Bigland Mark J, Brichta Alan M, Smith Doug W
Neurobiology of Ageing and Dementia Laboratory, School of Biomedical Sciences and Pharmacy, Faculty of Health and Medicine, University of Newcastle, Callaghan, NSW 2308, Australia.
Preclinical Neurobiology Program, Priority Centre for Brain and Mental Health Research, University of Newcastle, Callaghan, NSW 2308, Australia.
Curr Aging Sci. 2018;11(2):108-117. doi: 10.2174/1874609811666180830143358.
Deterioration in vestibular function occurs with ageing and is linked to age-related falls. Sensory hair cells located in the inner ear vestibular labyrinth are critical to vestibular function. Vestibular hair cells rely predominantly on oxidative phosphorylation (OXPHOS) for energy production and contain numerous mitochondria. Mitochondrial DNA (mtDNA) mutations and perturbed energy production are associated with the ageing process.
We investigated the effects of ageing on mtDNA in vestibular hair and support cells, and vestibular organ gene expression, to better understand mechanisms of age-related vestibular deficits.
Vestibular hair and supporting cell layers were microdissected from young and old rats, and mtDNA was quantified by qPCR. Additionally, vestibular organ gene expression was analysed by microarray and gene set enrichment analyses.

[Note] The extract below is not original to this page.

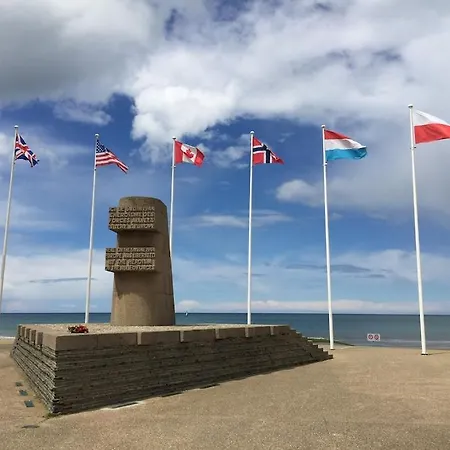 Les Volets Bleus-charmante Maison Entierement Equipee Face A La Pour 2 A 6 Personnes * Bernieres-sur-Mer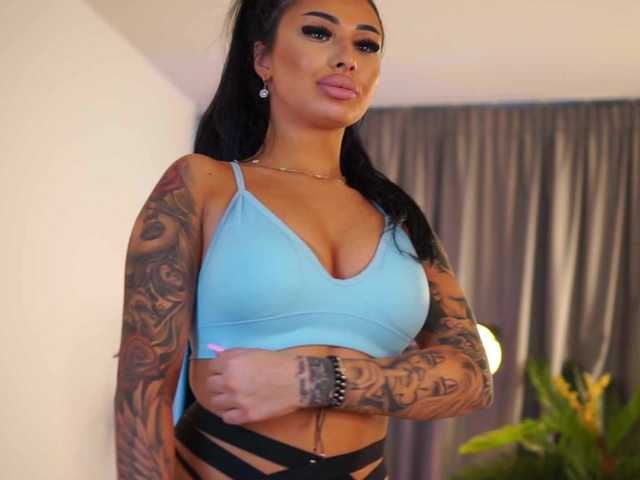 YanaSultana's BongaCams show and profile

In contrast to most other studies, we found no evidence of age-related mtDNA deletion mutations. However, we found an increase in abundance of major arc genes near the mtDNA control region. There was also a marked age-related reduction in mtDNA copy number in both cell types. Vestibular organ gene expression, gene set enrichment analysis showed the OXPHOS pathway was down regulated in old animals.
Given the importance of mtDNA to mitochondrial OXPHOS and hair cell function, our findings suggest the vestibular organs are potentially on the brink of an energy crisis in old animals.
前庭功能会随着年龄增长而衰退,且与年龄相关的跌倒有关。位于内耳前庭迷路的感觉毛细胞对前庭功能至关重要。前庭毛细胞主要依靠氧化磷酸化(OXPHOS)来产生能量,并且含有大量线粒体。线粒体DNA(mtDNA)突变和能量产生紊乱与衰老过程相关。
我们研究了衰老对前庭毛细胞和支持细胞中线粒体DNA以及前庭器官基因表达的影响,以更好地理解与年龄相关的前庭功能缺陷的机制。
从年轻和老年大鼠中显微解剖出前庭毛细胞层和支持细胞层,通过定量聚合酶链反应(qPCR)对线粒体DNA进行定量分析。此外,通过微阵列和基因集富集分析来分析前庭器官的基因表达。
与大多数其他研究不同,我们没有发现与年龄相关的线粒体DNA缺失突变的证据。然而,我们发现线粒体DNA控制区附近的主要弧基因丰度增加。两种细胞类型中的线粒体DNA拷贝数也都有明显的与年龄相关的减少。前庭器官基因表达、基因集富集分析表明,老年动物的氧化磷酸化途径下调。
鉴于线粒体DNA对线粒体氧化磷酸化和毛细胞功能的重要性,我们的研究结果表明,老年动物的前庭器官可能正处于能量危机的边缘。